TASK STATEMENT: Would you retype the line that contains "Second baseman Chone" and all lines following it to the end of the entries below, exactly and without pictures?

DATA PROVIDED:
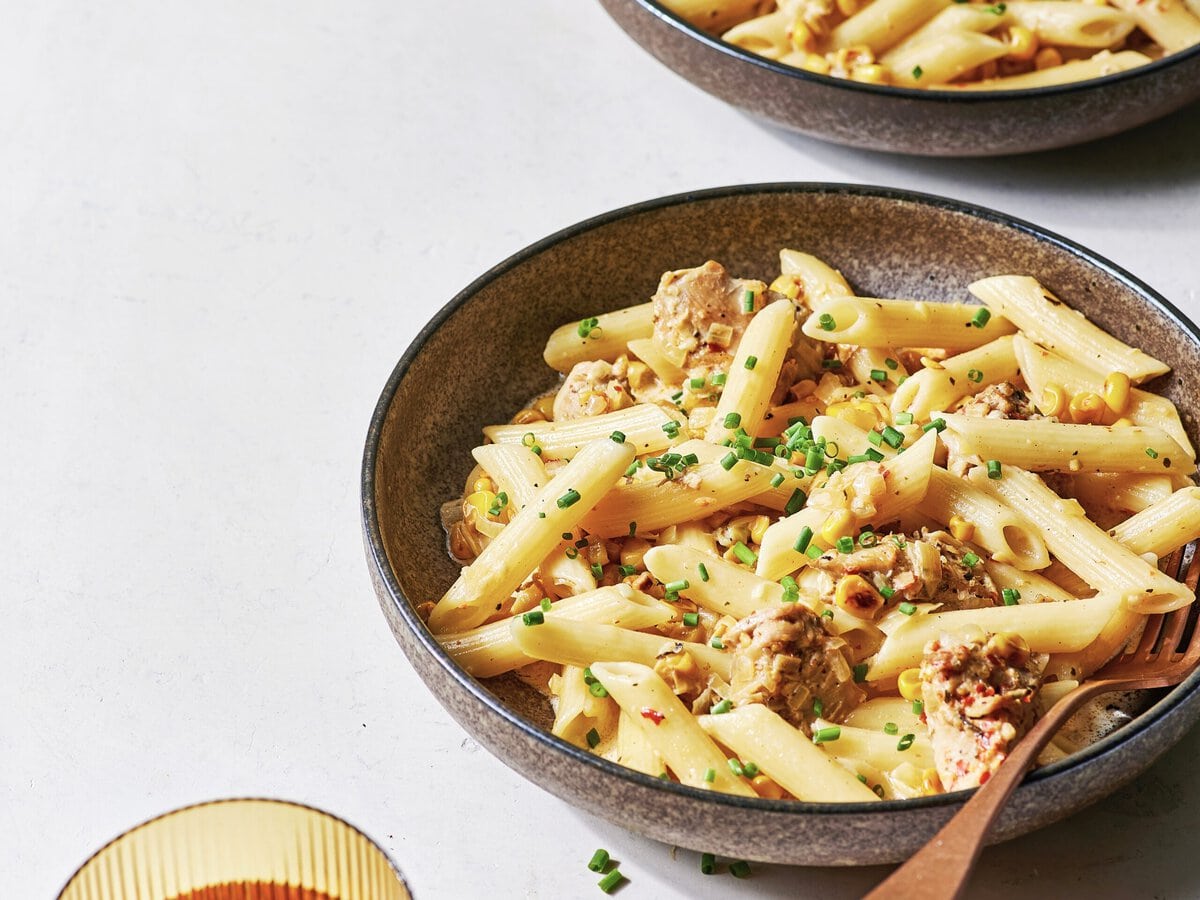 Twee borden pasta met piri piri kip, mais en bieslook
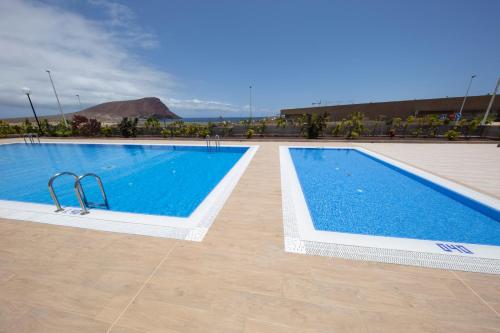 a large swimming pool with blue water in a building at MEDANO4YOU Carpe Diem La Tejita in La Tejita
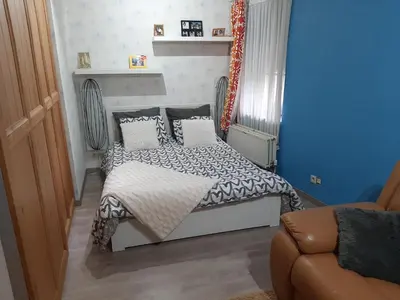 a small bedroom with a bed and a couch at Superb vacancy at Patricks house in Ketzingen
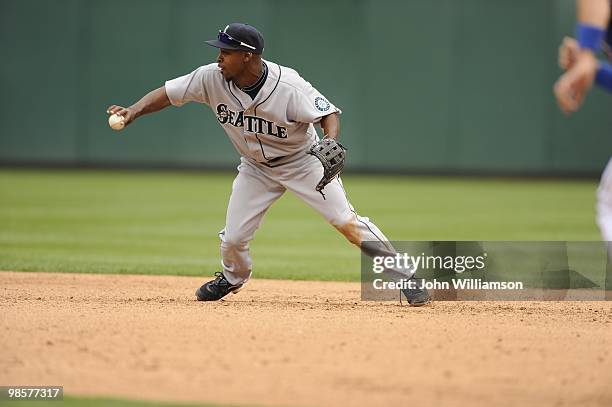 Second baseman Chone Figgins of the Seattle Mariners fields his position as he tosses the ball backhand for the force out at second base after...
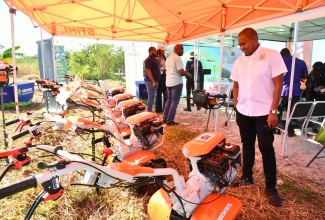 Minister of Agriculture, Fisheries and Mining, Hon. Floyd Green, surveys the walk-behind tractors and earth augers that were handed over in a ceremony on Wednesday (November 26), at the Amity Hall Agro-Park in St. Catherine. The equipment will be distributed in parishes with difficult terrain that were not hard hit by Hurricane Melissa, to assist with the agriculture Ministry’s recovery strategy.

RESPONSE TO THIS TASK:
 Second baseman Chone Figgins of the Seattle Mariners fields his position as he tosses the ball backhand for the force out at second base after...
 Minister of Agriculture, Fisheries and Mining, Hon. Floyd Green, surveys the walk-behind tractors and earth augers that were handed over in a ceremony on Wednesday (November 26), at the Amity Hall Agro-Park in St. Catherine. The equipment will be distributed in parishes with difficult terrain that were not hard hit by Hurricane Melissa, to assist with the agriculture Ministry’s recovery strategy.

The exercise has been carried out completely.